Prior discussion:
https://bugzilla.redhat.com/1217236
Summary: doing
( some_simple_command & )
i.e., launching a background job from within a subshell, on a ksh
interactive login shell, caused misbehaviour (command not run).
For me on 93u+m, the misbehaviour was different -- an outright
crash in the job handling code following SIGCHLD, backtracing to:
0 ksh job_unpost + 49 (jobs.c:1655)
1 ksh job_reap + 1632 (jobs.c:468)
2 libsystem_platform.dylib _sigtramp + 29
3 ??? 0 + 4355528544
4 ksh ed_getchar + 102 (edit.c:1048)
5 ksh ed_emacsread + 659 (emacs.c:280)
[...]
Original patch:
https://src.fedoraproject.org/rpms/ksh/blob/642af4d6/f/ksh-20120801-nohupfork.patch
Lines 1874-1886 in sh_exec() optimise the highly specific case of
'( simple_command & )' by avoiding a sh_subshell() call that sets
up a virtual subshell before forking:
https://github.com/ksh93/ksh/blob/bd283959/src/cmd/ksh93/sh/xec.c#L1874-L1886
1874 else if(((type=t->par.partre->tre.tretyp)&FAMP) && ((type&COMMSK)==TFORK))
1875 {
1876 pid_t pid;
1877 sfsync(NIL(Sfio_t*));
1878 while((pid=fork())< 0)
1879 _sh_fork(shp,pid,0,0);
1880 if(pid==0)
1881 {
1882 sh_exec(t->par.partre,flags);
1883 shp->st.trapcom[0]=0;
1884 sh_done(shp,0);
1885 }
1886 }
1887 else
1888 sh_subshell(shp,t->par.partre,flags,0);
The original patch inserts the following before the sh_done call on
line 1884:
sh_offoption(SH_INTERACTIVE);
sh_done() checks for SH_INTERACTIVE and only runs job handling code
if that option is on.
Also, I had missed the need for an update of shgd->current_pid
here. Since 843b546c replaced lots of getpid() calls by reading
that variable, this could cause ksh to SIGCHLD the wrong process.

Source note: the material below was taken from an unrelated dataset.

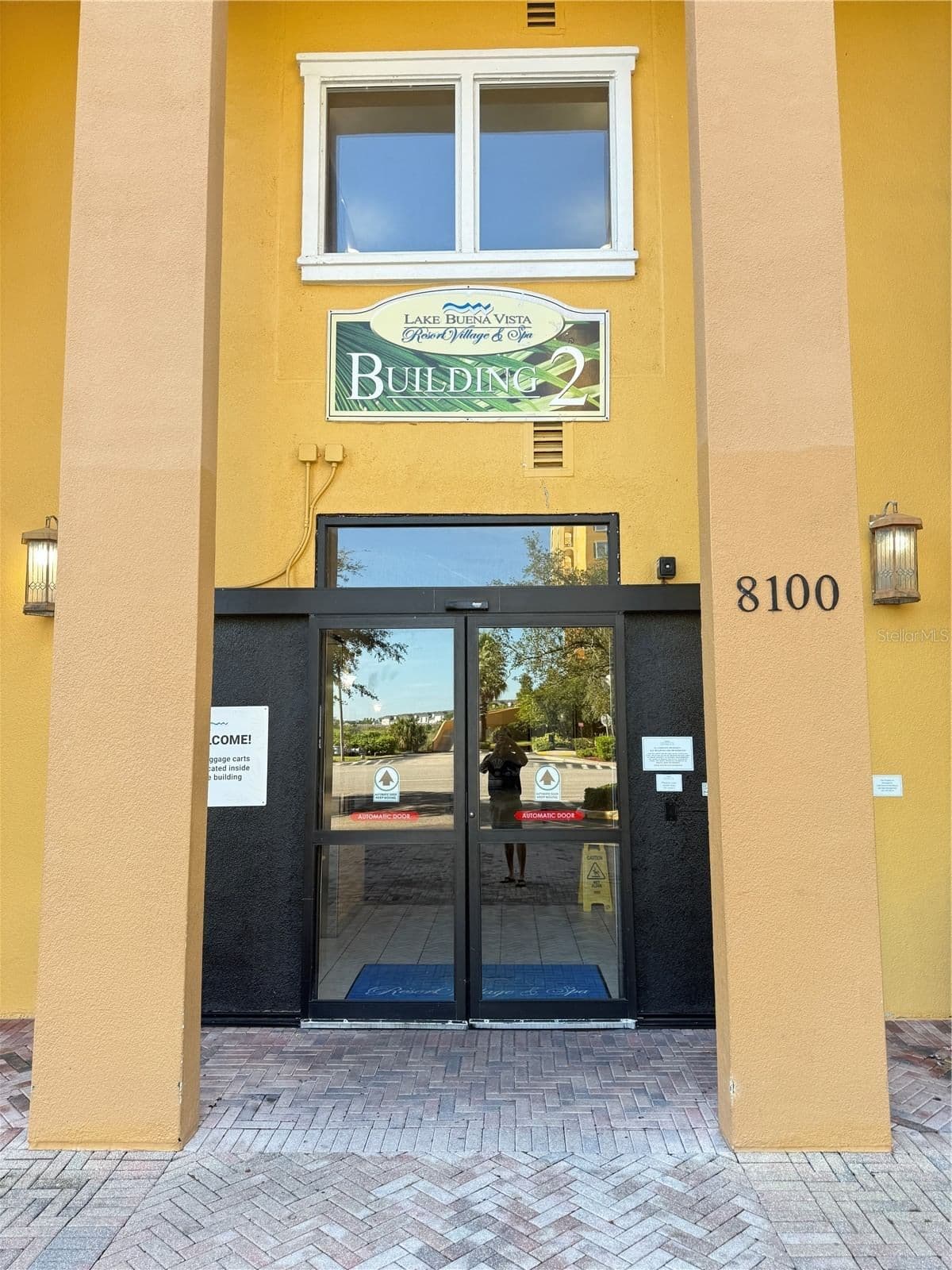 8100 POINCIANA 2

But even after adding the shgd->current_pid update to the RH patch,
I was still able to make it crash.
src/cmd/ksh93/sh/xec.c: sh_exec(): case TPAR:
- Disable this optimisation outright for interactive or job
control-enabled shells. I really don't trust it at all, but there
have been no problem reports for scripts without job control, so
keep it until such reports surface.
- Update shgd->current_pid so the child doesn't end up signalling
the wrong process (re: 843b546c).
___________________________________________________________________
P.S.:
It was noted in the Red Hat discussion that ( ... & ) does a double
fork, i.e., a virtual/non-forked subshell always forks before
forking the background job. This extra fork is done by the
following two lines in under 'case TFORK:' in sh_exec() in xec.c:
https://github.com/ksh93/ksh/blob/bd283959/src/cmd/ksh93/sh/xec.c#L1534-L1535
1534 if((type&(FAMP|TFORK))==(FAMP|TFORK))
1535 sh_subfork();
This is executed if we're in a virtual/non-forked subshell, i.e.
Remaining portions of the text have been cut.